Director of Site Reliability Engineering
Do you have the right skills and experience for this role Read on to find out, and make your application.
At Power, we proudly operate and maintain cutting-edge, on-premise data centers, providing our business with unmatched control, security, and performance.
As we continue to innovate and grow, we're looking for a skilled and visionary Director of Site Reliability Engineering to lead efforts in ensuring the stability, scalability, and efficiency of these mission-critical environments.
In this role, you'll drive the strategy and execution for our infrastructure's reliability, overseeing our robust systems.
You will also play a pivotal role in shaping the future of our infrastructure while working with a talented team of engineers dedicated to delivering industry-leading performance and uptime.
What We Do Here
Our Business Technology team builds and supports a custom suite of products that power our entire business.
From marketing and sales to operations and finance, we design and deploy comprehensive solutions across the company.
We move fast like a startup—shipping rapidly, iterating quickly—while benefiting from the stability and resources of an established, well-funded, and profitable organization.
We dive into fascinating and complex challenges, each unique enough to stand alone as its own app or company.
Power is a tech powerhouse, quietly embedded within a remodeling business.

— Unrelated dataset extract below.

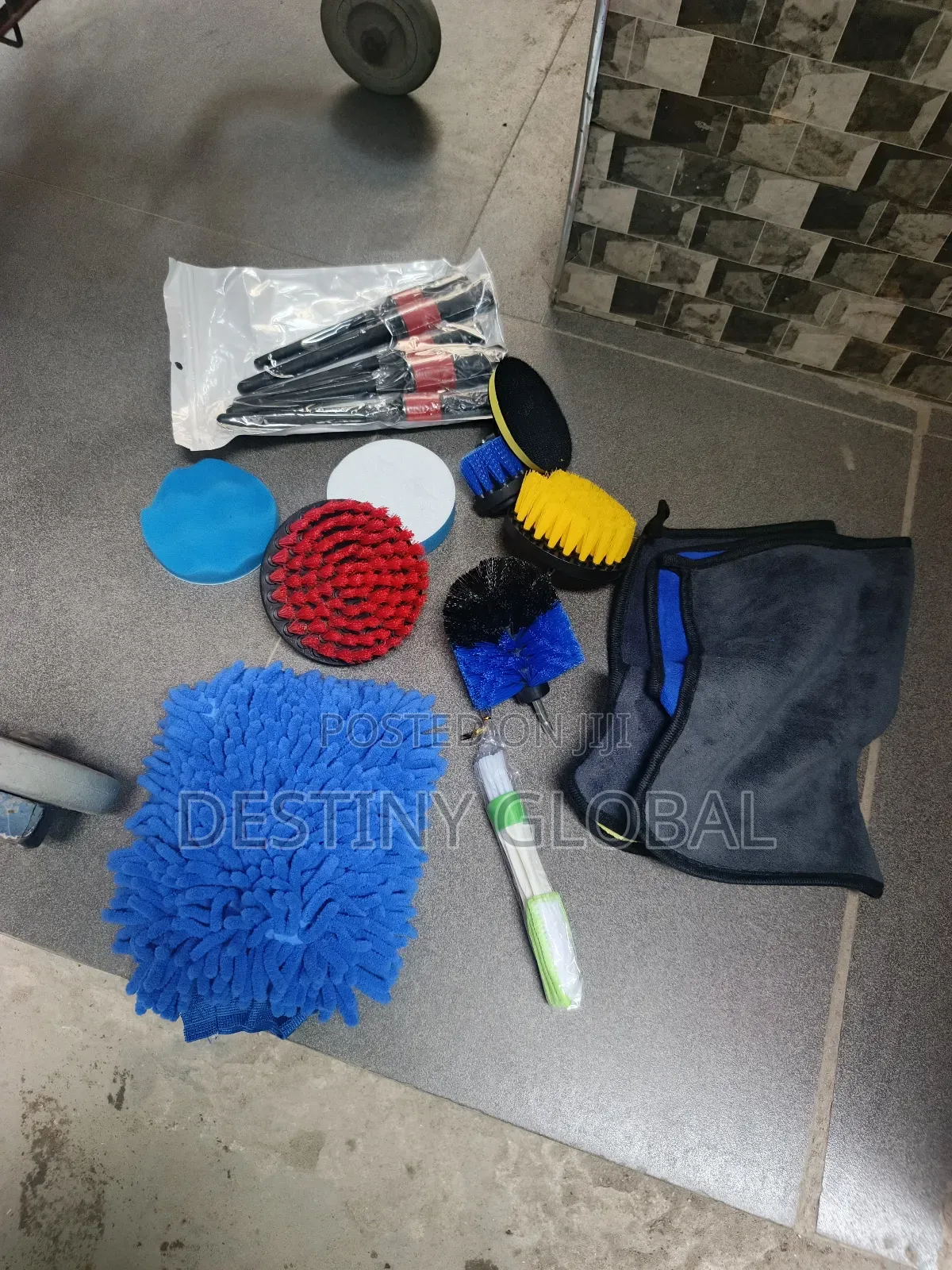 Set of Brush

Power has been awarded Computerworld's Best Places to Work in IT, Fortune Magazine's #1 Workplace for Millennials, one of Glassdoor's Best Places to Work, one of Inc. 5000's Fastest Growing Private Companies, and Philadelphia Magazine Coolest Companies.
Position Summary
The Director of Site Reliability Engineering is the highest dedicated role within the infrastructure and networking function of Business Technology (BT) at Power, responsible for overseeing and optimizing our technology infrastructure, including data centers, servers, storage, and networking systems across the enterprise.
This individual must bring deep technical expertise, especially in managing and operating data centers, along with experience in networking and high-performance computing environments.

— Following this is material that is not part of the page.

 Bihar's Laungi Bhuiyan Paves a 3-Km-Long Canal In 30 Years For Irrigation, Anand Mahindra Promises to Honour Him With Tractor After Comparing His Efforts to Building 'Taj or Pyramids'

The role is accountable for the continuous availability, security, and performance of mission-critical applications, through top notch infrastructure management.
This technical leadership position will drive the transformation of infrastructure services, architecture, and workforce, ensuring alignment with the enterprise-wide technology strategy.
The Director of Site Reliability Engineering will also manage IT operations, proactively address infrastructure needs, and lead cross-functional initiatives to integrate emerging technologies for enhanced scalability and efficiency.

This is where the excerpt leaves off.